Prywatnie już bardziej...zastanawiają mnie dwie rzeczy głównie:
- czego naprawdę będą dotyczyć powiadomienia...jakiego typu zagrożeń...czy pojedynczych zaawansowanych ataków celowanych (APT) na infrastrukturę rządową?...finansową?...czy może wycieku danych z serwerów tych instytucji?...czy ataków na zwykłych "Kowalskich"?
- druga to kompetencje naszej pani Premier i jej gabinetu...jakoś sceptycznie na to patrzę i jeśli już nawet zakładam kompetencje, to mam wątpliwości do szybkości reakcji i wydawania decyzji.
"Bezpieczeństwo jest podróżą, a nie celem samym w sobie - to nie jest problem, który można rozwiązać raz na zawsze"
"Zaufanie nie stanowi kontroli, a nadzieja nie jest strategią"
Odpowiedz
#2
(25.07.2017, 14:29)ichito napisał(a):

[Aby zobaczyć linki, zarejestruj się tutaj]

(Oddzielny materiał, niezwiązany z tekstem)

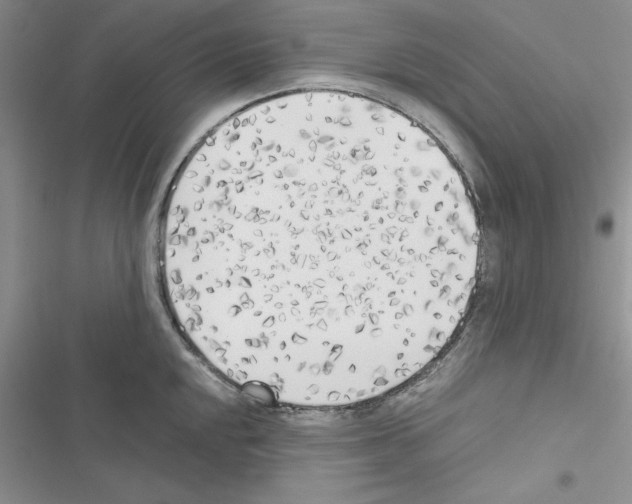 X0000116621048201001221336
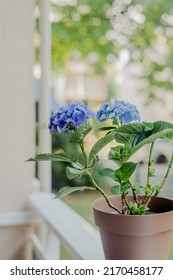 Brown Pot With A Blue Hydrangea Bush On The Balcony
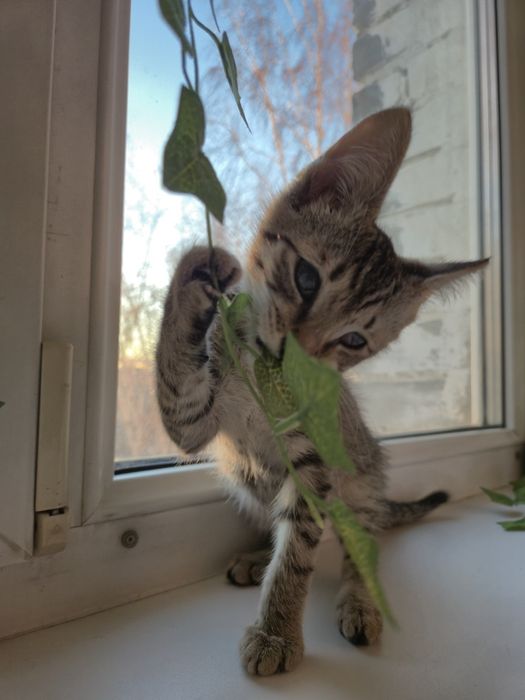 Невероятно ласковый котенок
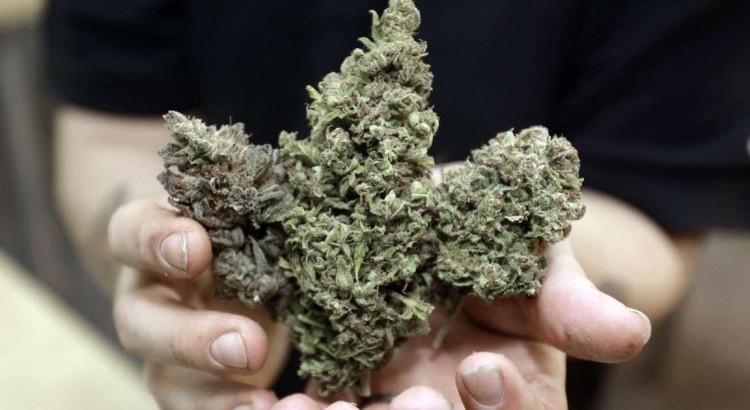 Augmentation de la consommation de cannabis aux Etats-Unis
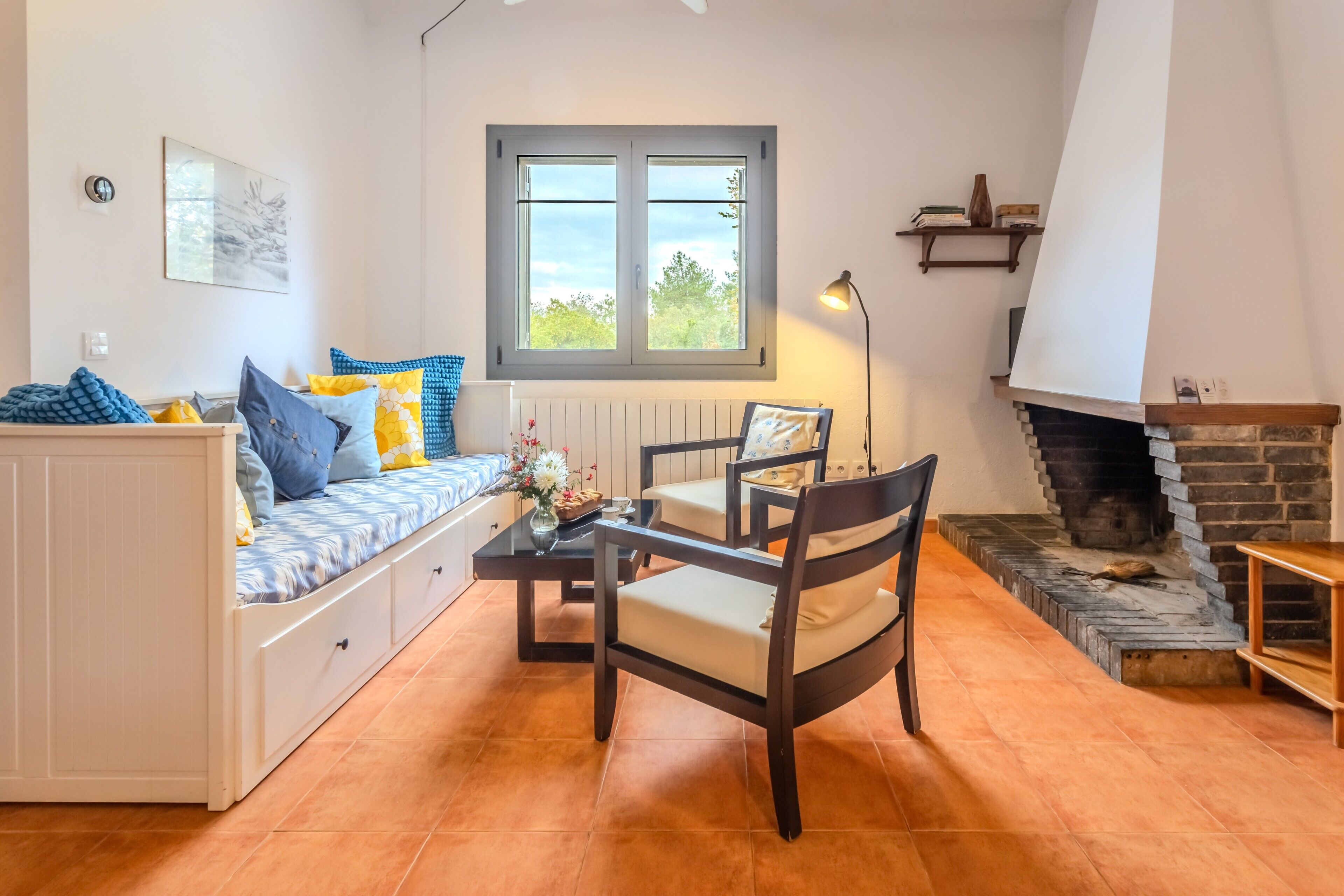 TV, fireplace, DVD player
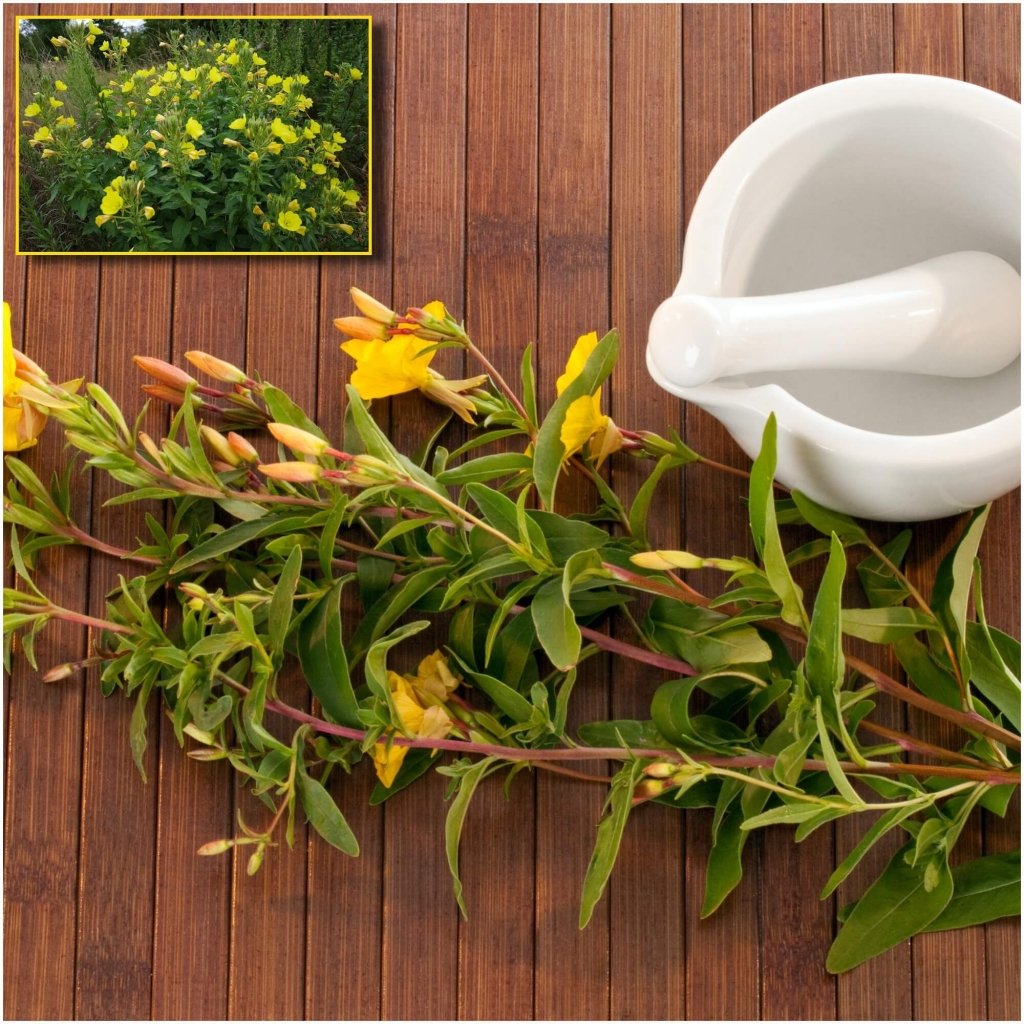 Evening Primrose seeds - Happy Valley Seeds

druga to kompetencje naszej pani Premier i jej gabinetu...jakoś sceptycznie na to patrzę i jeśli już nawet zakładam kompetencje, to mam wątpliwości do szybkości reakcji i wydawania decyzji
Nie no, trzeba przyznać że aktualny rząd jak się wnerwi to potrafi walnąć pięścią w stół i podjąć decyzję (nie mówię czy decyzja jest dobra czy zła, ale jakaś jest). Przykładem jest obcięcie dotacji na Malta Festival w ramach reperkusji za to, że kuratorem przedsięwzięcia był reżyser haniebnej "Klątwy". Powtarzam, nie oceniam decyzji jako takiej, ale to, że ministerstwo kultury zareagowało. Nie jestem zwolennikiem "ciepłej wody" w kranie, bo jak wiadomo - to prowadzi do rozkładu struktur administracji i społeczeństwa. Czy mówiłem że Jarek to istny mastermind? W życiu bym nie pomyślał, że Kaczogan będzie tak rozgrywał opozycję Craze.
A pani minister Streżyńska to jeden z najlepszych urzędników w Polsce.

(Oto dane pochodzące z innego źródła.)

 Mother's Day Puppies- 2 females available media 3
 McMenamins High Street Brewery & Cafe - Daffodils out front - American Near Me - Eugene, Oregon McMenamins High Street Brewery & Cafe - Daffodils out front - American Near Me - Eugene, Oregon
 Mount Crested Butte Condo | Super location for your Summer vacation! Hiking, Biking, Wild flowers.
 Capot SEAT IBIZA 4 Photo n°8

(25.07.2017, 14:29)ichito napisał(a):

[Aby zobaczyć linki, zarejestruj się tutaj]

czego naprawdę będą dotyczyć powiadomienia...jakiego typu zagrożeń...czy pojedynczych zaawansowanych ataków celowanych (APT) na infrastrukturę rządową?...finansową?...czy może wycieku danych z serwerów tych instytucji?...czy ataków na zwykłych "Kowalskich"?
Trzeba sprawdzić kto będzie źródłem komunikatów. Pewnie CERT, więc w sumie każdej dziedziny funkcjonowania państwa i społeczeństwa. Tylko żeby nie było, że najpierw dowiemy się o czymś z telewizji a i CERT też wtedy się dowie Grin i wyskoczy z powiadomieniem jak królik z kapelusza.

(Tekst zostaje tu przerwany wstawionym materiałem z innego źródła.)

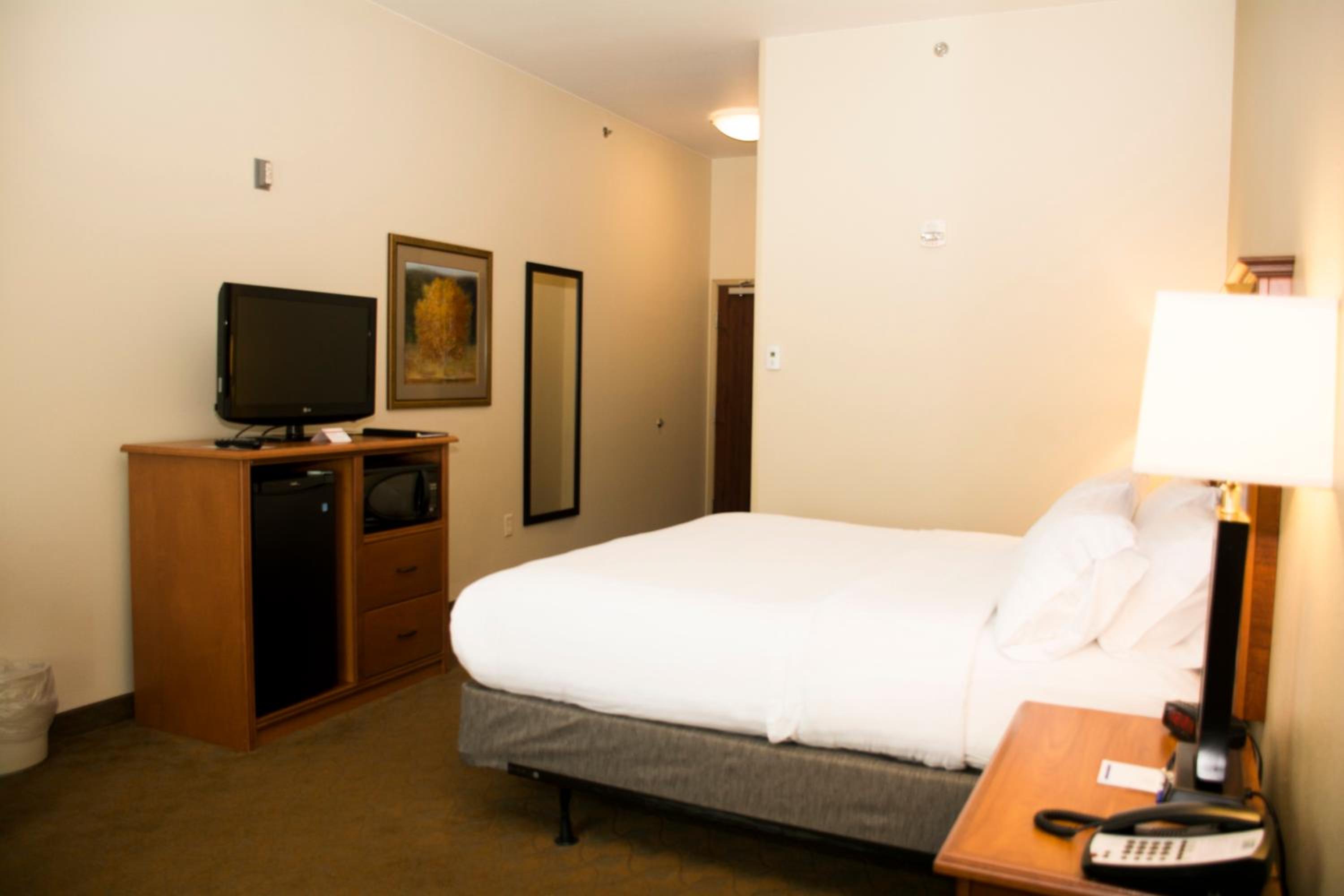 Standard King Room with Mobility Accessible Roll-In Shower - Photo 1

Jest jeszcze system SISMS, czyli Samorządowy Informator SMS. Ten system powiadamia o różnych zdarzeniach w mieście (to są dostawcy komunikatów), dotyczących np. katastrof pogodowych (powódź, trąba powietrzna), ale też informuje o czystości powietrza, bezpieczeństwie dzieci (Child Alert). System jest prywatną inicjatywą, zainteresowane samorządy podpisują z operatorem systemu umowę. Podobnie czynią dostawcy informacji. Mamy więc 3 elementy: operatora systemu, dostawcę informacji i samorząd. No i sam użytkownik.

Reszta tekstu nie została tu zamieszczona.